We took delivery of a few for testing to see if they live up to the claims.
Test by Peter Bargh
The cases begin with the tiny 1010 from the fairly new Micro range that's ideal for a small compact camera or one of many of the latest digital compacts from the likes of Pentax and Canon. They go up in incremental groups with small, medium and large categories.

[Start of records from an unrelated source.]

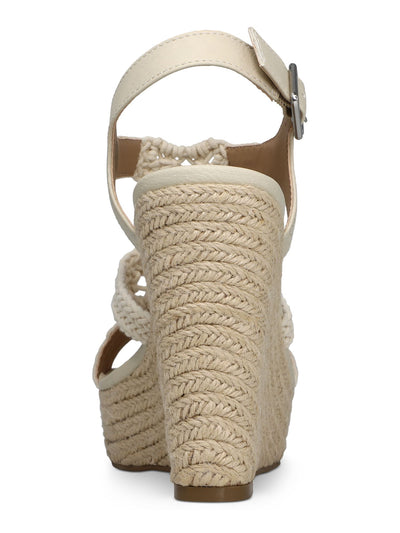 SUN STONE Womens Ivory 1" Platform Woven Comfort Adjustable Cushioned Slip Resistant Esme Round Toe Wedge Buckle Slingback Sandal 10 M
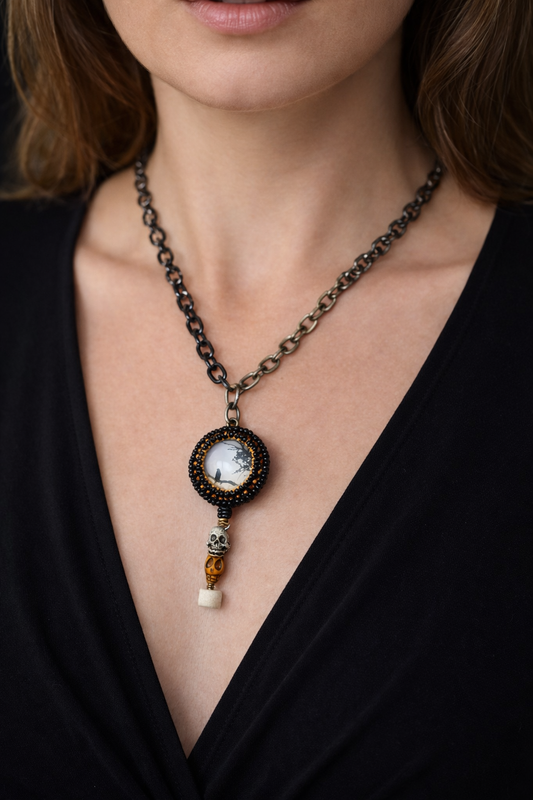 Midnight Relic Necklace – Hand Beaded Pendant with Skull Accent & Mixed Metal Chain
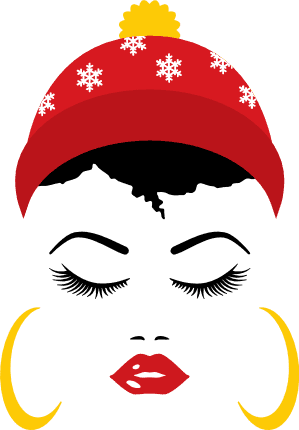 girl-face-with-christmas-hat-and-big-earrings-free-svg-file-SvgHeart.Com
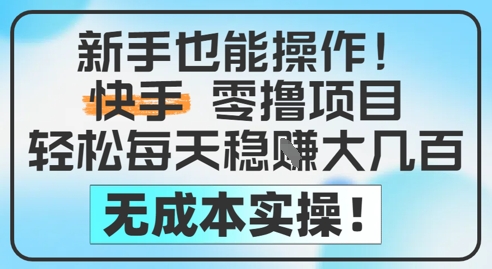 新手也能操作，快手零撸挣米，轻松每天挣2-5张，完全无成本-旺仔资源库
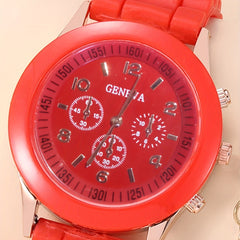 Student Silicone Quartz Watch with Red Butterfly Set and Bead Bracelet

These include the huge 1600 series (these are so big they even have wheels to make them easy to transport when full with kit) and the longer 1700 series that are illustrated with harpoon guns encased, but could be used to store and transport studio lighting accessories.
The sizes, along with weights, are as follows:
(The price is correct atApril 2003 and is for all models with foam insert when provided)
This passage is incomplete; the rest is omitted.